When it comes to the journey of life, we all have our own story to tell. Each of us is unique and different in the path we took, but we’ve all arrived at the same place – the foot of the Cross. It’s at this point we make a decision, to continue traveling through life making our own pathway, or to put our trust in Him who died so that we may have life, and life in its fullest.
This is Lea’s story.
The last thing I had in mind when leaving for university was to become a Christian. I was a super happy 18 year old who was leaving her small and dull village life for the exciting life of Tirana – the capital of Albania. I would be hundreds of miles away from all the curious eyes and gossiping mouths, just to do what I wanted – enjoy life to the full.
I fell in love with the vast city straight away, and the intensity of life there beautifully embraced me. I appreciated the fact that I didn’t know any one, no familiar faces to be noticed. I was free!
In the middle of that first week, inside the concrete jungle, I was invited to go to a Christian students meeting. I knew no one, except for my roommates, so I thought knowing more people was the secret to more adventures. I remember that evening like it was yesterday. The room was full of young faces. Students of all ages were gathered and sat in horizontal rows numbering a couple of hundred. They were happy and kept hugging each other. I was welcomed and sat near to the person who invited me, then, after a short welcome, songs of praise like I had never heard before burst out from the stage.
I had never been to a church before that, but from watching TV I had the idea that church was a place where solace and quietness was the language you spoke, not noise and dancing. I sat there mesmerised at it all. I didn’t know what to do, run away or stay? I felt both sides. The problem was that it was dark outside and my dormitory was many bus stations away from the meeting place. “I will stay”, said to myself, and oh what a life changing decision that turned out to be.
I had heard the name Jesus before, but thought that was just for the Catholic’s and Orthodox people, not me who was born Muslim.
As soon as the songs quietened, a middle age foreign guy ascended the stage. He spoke fluent Albanian and after welcoming us all again, he started to talk about Jesus. Growing up as a Muslim I had heard of that name but thought that was just for the Catholic’s and Orthodox people, not me who was born Muslim. His words gripped me all the time he opened his mouth. I didn’t know what was wrong with me, just the fact that the desire to run from that place disappeared. My head was spinning and my heart was pounding. “I need this”, I kept saying to myself.

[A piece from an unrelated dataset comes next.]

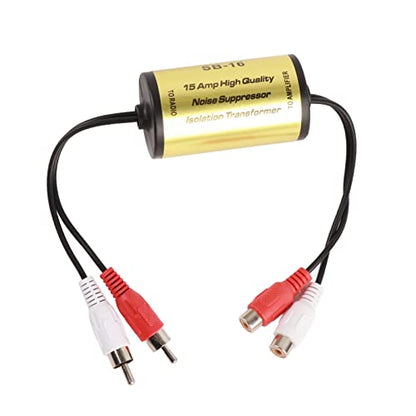 Noise Filter, 12V In-Line Anti-interference Car Amplifier Noise with ABS High Temperature Material for Stereo Audio Stereo Audio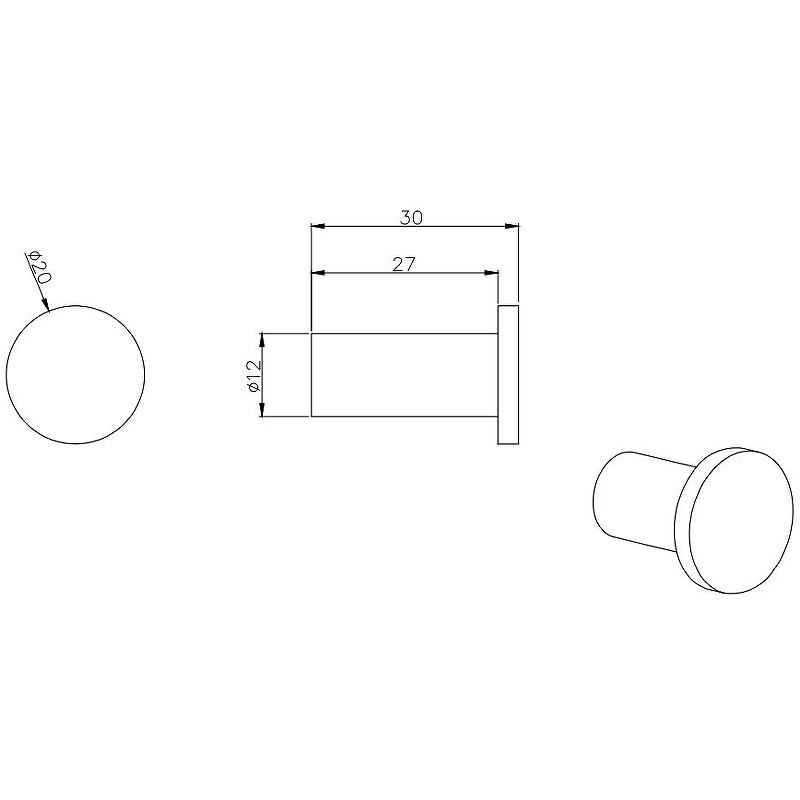 Крючок Вега AQ4001MB Aquatek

I had run from every form of religion at the age of 15. I was tired of unanswered prayers and paralysing poverty. I was very disappointed at a god who had allowed so much suffering and pain in my family. I had given up that way of life and chosen evolution and together with that I promised myself that I was the god of me, I will make my life happen from now on. Yet inside that room, the echo of “Jesus is my friend” and “He loves me” filled every corner of me. My head, mind and soul. I felt altogether powerful and powerless, needy and fulfilled, happy and sad. When the speaker asked if anyone in the room wanted to invite Jesus inside their heart I was one of the first to stand up. I still to this day don’t know how I answered so quick, but that was just the start of my Christian journey.
Jesus is my friend
Many days and years have passed since that Autumn of 1999, but one thing has not changed – Jesus is my friend and He loves me no matter what. He never promised me a perfect life, but a fulfilled, adventurous and satisfying one. I am still exploring that!